## WHAT TO WORK ON:
The listing below is to be reproduced in full, character for character.

## DATASET EXCERPT:
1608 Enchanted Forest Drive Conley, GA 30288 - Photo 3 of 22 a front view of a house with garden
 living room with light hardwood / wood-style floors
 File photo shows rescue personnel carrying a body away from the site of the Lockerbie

## RESULT FOR THIS TASK:
1608 Enchanted Forest Drive Conley, GA 30288 - Photo 3 of 22 a front view of a house with garden
 living room with light hardwood / wood-style floors
 File photo shows rescue personnel carrying a body away from the site of the Lockerbie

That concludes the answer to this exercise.